I think it's a house of prostitution LOL


----------



## pitbullgirl22 (Jul 27, 2008)

HAHAHA^^ And you know somewhere I heard the original idea was to have (women who worked in brothels) do the rehabilitation and training on the dogs but the network didn't like the idea so she changed it to ex-cons. I guess people like parolees not h****rs.


----------



## bluefamily (Aug 8, 2007)

mygirlmaile said:


> LMFAO. The brothel burnt down!!! LOL.


Must have had a lotof happy cistomers...hahahahaha


----------



## GnarlyBlue (Aug 18, 2007)

I just hope they can do this right! I really wish they did a piece on the _TRUE_ breed of APBT. But we could sure use some good press from the network that's supposed to be pro-animal.


----------



## Chavezpits (Aug 26, 2009)

I meant Tia this weekend seems like good peeps and she has 250 "pitbull type" dogs she is a saint in my eyes!


----------



## DogsLife (Sep 19, 2009)

pitbullgirl22 said:


> HAHAHA^^ And you know somewhere I heard the original idea was to have (women who worked in brothels) do the rehabilitation and training on the dogs but the network didn't like the idea so she changed it to ex-cons. I guess people like parolees not h****rs.


Someone should sell that idea to HBO or Showtime. That sounds like hit to me. :
They could use the ladies from the "Bunny Ranch" in Nevada and call the show *Bulls and Bunnies*


----------



## reddoggy (Jan 31, 2008)

Woo Hoo!!! Tia is gonna be on Back II The Bullies tonight, on BullyWorldRadio!!! Come check it out guys!


----------



## mikey077 (Mar 20, 2009)

JFlowersLA said:


> I've seen the previews for it, but did you check out the times? 1am and 5am...must not want too many people watching. HA!

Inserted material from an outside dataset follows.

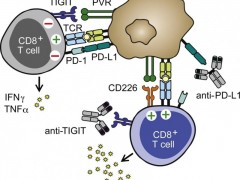 什么是TIGIT靶点,TIGIT单抗,TIGIT抗体,TIGIT抑制剂,TIGIT全称为T细胞免疫球蛋白和ITIM结构域蛋白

lol no kidding..... theres going to be a show on the animal planet featuring the oct.24th Bully show hosted by Eukanuba....i dont know when but I heard Animal planet covered it.


----------



## PIT_MOMMA (Oct 24, 2009)

I seen the previews last night also! The exact words out of my mouth was "oh dang! I'm so watching that!" I hope its as good as it looks thought. I would love to find out how to do something like that! Michael Vick should of had to do something like that; but now he is back playing football! GER!


----------



## Lost_Kaus89 (Aug 4, 2009)

this show sounds interesting can't wait to watch it i hope animal planet pimps this show out to the fullest and it becomes its most successful program give all the pitbull haters something to talk about lol.


----------



## 9361 (Jun 25, 2009)

Great... now more people can relate Pit Bull owners to convicts!


----------



## PIT_MOMMA (Oct 24, 2009)

I would love to meet Tia, I have herd about her Rescue and I give her 110% props; that girl has alot to handle! I really hope this show gets the point across about who the real victims are; and not just about Tia's daughters' love lives or her own. It should be about the pit bulls and parolees starting fresh and getting a second chance at a new life!



Shes Got Heart said:


> Great... now more people can relate Pit Bull owners to convicts!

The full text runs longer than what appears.